Of course the Wall Street millionaires have never given a damn about the plight of the unemployed youth. For them the youth have always been used as a reserve army of workers to work at the lowest wages in the worst jobs on the basis of last hired, first fired. The “scenario” they are worrying about is one of thousands of jobless youth rebelling as they did 10 years ago from Watts to Harlem.

In the very same Journal article, the editors of the paper, which speaks for the biggest monopoly capitalists in the world, pose their solution to the youth unemployment problem. To them the problem is “the minimum wage laws” which require that full-time employees be paid $2 an hour. They blame the unions for demanding this kind of, protection, saying that young workers “aren’t worth $2 an hour.”
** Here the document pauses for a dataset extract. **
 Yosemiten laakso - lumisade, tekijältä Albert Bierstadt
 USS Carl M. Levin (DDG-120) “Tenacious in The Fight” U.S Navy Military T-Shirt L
“Worth,” says the Wall Street Journal, “is a value judgement that can’t really be determined by legislation, and the fact is that many inexperienced and unskilled workers–which teenagers tend to be–are simply not worth the federal minimum to prospective employers. Thus those who might be willing to hire helpers at $1.50 or $I an hour don’t hire them at all when the minimum is $2.”

If the whole working class had to rely on the “worth” that the Wall Street bankers place on their labor, we would all be working as slaves. This is the reason why so many young people are without jobs–so that they can be forced to compete with each other and older workers in driving down the wage scale. Furthermore, this is how the ruling class gets them as cannon fodder to fight their wars in Indochina, the Middle East, Europe and elsewhere.

The only way to meet this attack is through a militant fight-back. Young people must get organized to meet the attacks on them and their fellow workers head on. The Jobs-For-Youth campaign can mobilize thousands of people demanding that every young person be given a job at union scale wages and that the minimum wage be raised to $3 per hour. The demand for a higher minimum wage is necessary to keep young workers from being brought in at lower wages as older workers are being pushed out.

The campaign must also be linked to the massive cutbacks that are presently being made in grants and aids to help working class and minority youth get an education.

Furthermore we are demanding an end to police brutality against the youth who are the daily victims, especially in the minority communities, of police violence and harassment because they have nowhere to go and no recreational facilities or programs to occupy them.

Finally we want the drug pushers out of the community and the millionaires who are getting rich by keeping the youth addicted to drugs, jailed. These gangsters and profiteers are allowed to run wild, especially in the ghettoes and barrios, while thousands of young people are jailed for possessing marijuana.

This campaign can be taken up through the building of mass fight-back organizations for youth, organizations which can unite young people of every color and nationality, young men and women fighting side by side. It must combine education and militant actions. Already thousands of young people have demonstrated for jobs at unemployment offices and government buildings in California, New York, Cleveland, New Jersey and other areas. In August, 2,000 youth employed in summer programs in New York tied up traffic on West 125th St. for four hours as they tried to get into a Youth Services Agency pay office to get their checks. Many of them had not been paid in more than a month as the state tried to run another slave-labor game on them. Dozens of police were called in to beat and jail the young people who were only demanding their rights.

Key in this campaign are the revolutionary youth in groups like the Communist Youth Organization (CYO) which has recently grown in several cities from coast to coast. The CYO’s purpose is to develop special work among the working class youth to bring them into the struggle against capitalism. As long as capitalism exists, there can be no full employment and the young will feel the burden especially when capitalist crises like this one deepen.

There is an alternative to young people being victims of exploitation and a system which wastes their lives and gives them no direction. We call on young people everywhere to unite and fight together with all working people in the fight against those who control this system.